WHAT IS REQUIRED >> Repeat the records below exactly from the line containing "Valged lillelised laia..." to the line containing "El Gobierno volverá", taking in both of those lines. Drop the pictures.

DATA PROVIDED >>
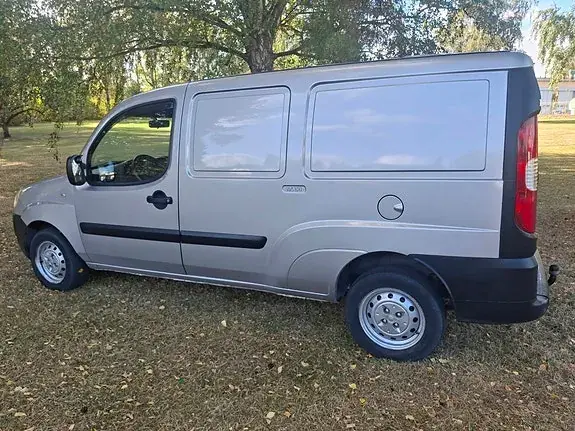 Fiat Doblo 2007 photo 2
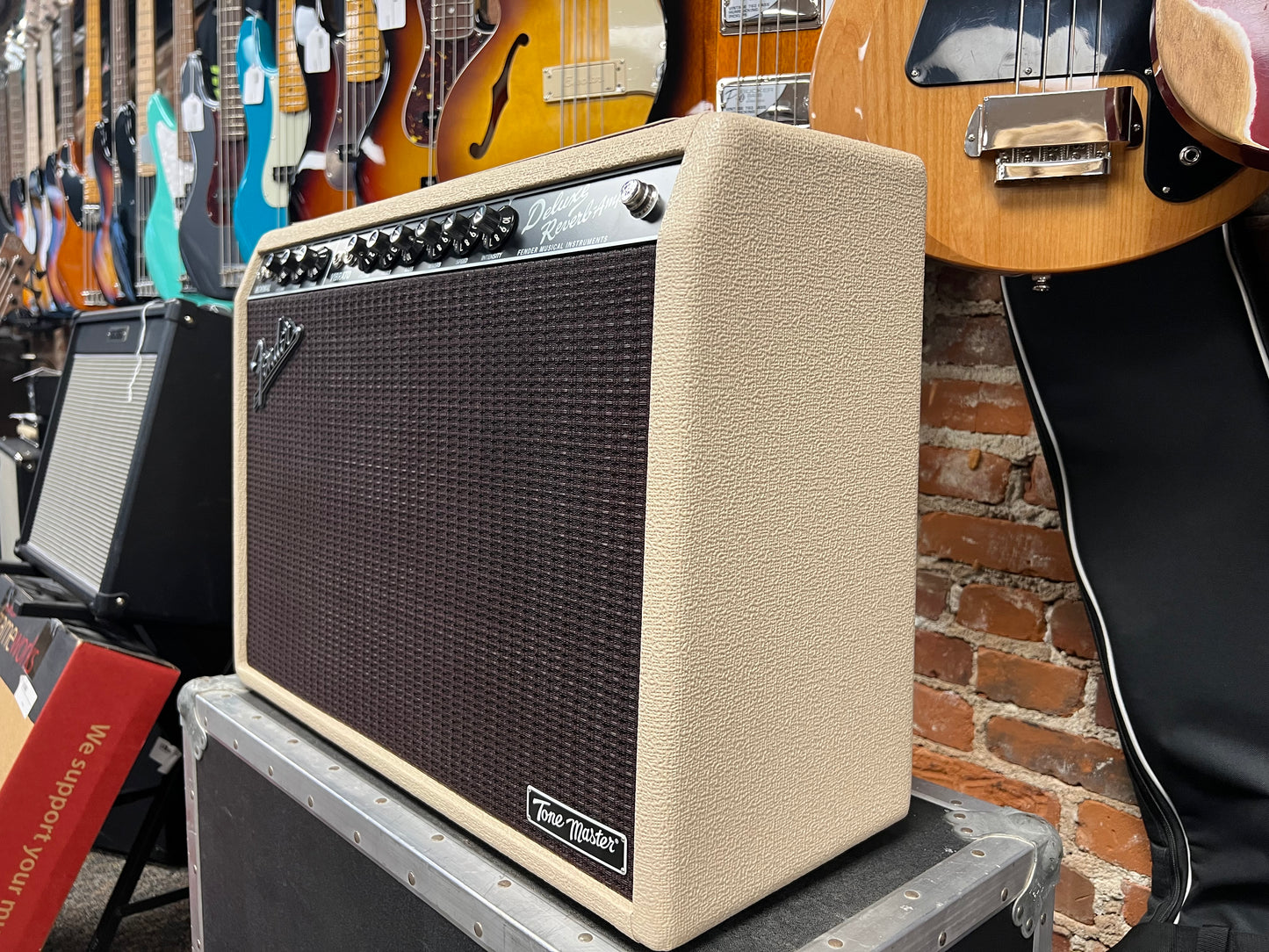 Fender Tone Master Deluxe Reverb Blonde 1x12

==

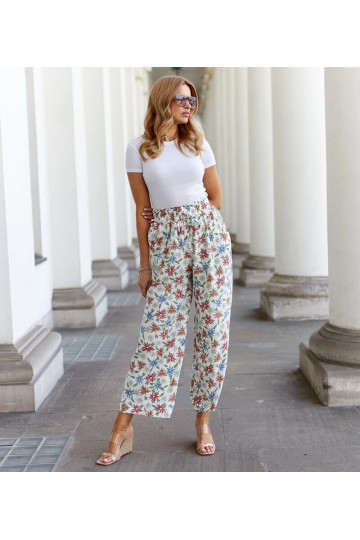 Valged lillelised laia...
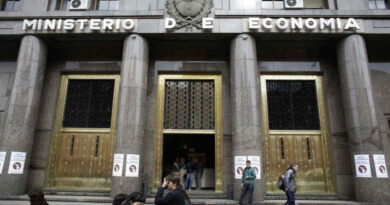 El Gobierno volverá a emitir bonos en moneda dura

RESULT FOR THIS EXERCISE >>
 Valged lillelised laia...
 El Gobierno volverá a emitir bonos en moneda dura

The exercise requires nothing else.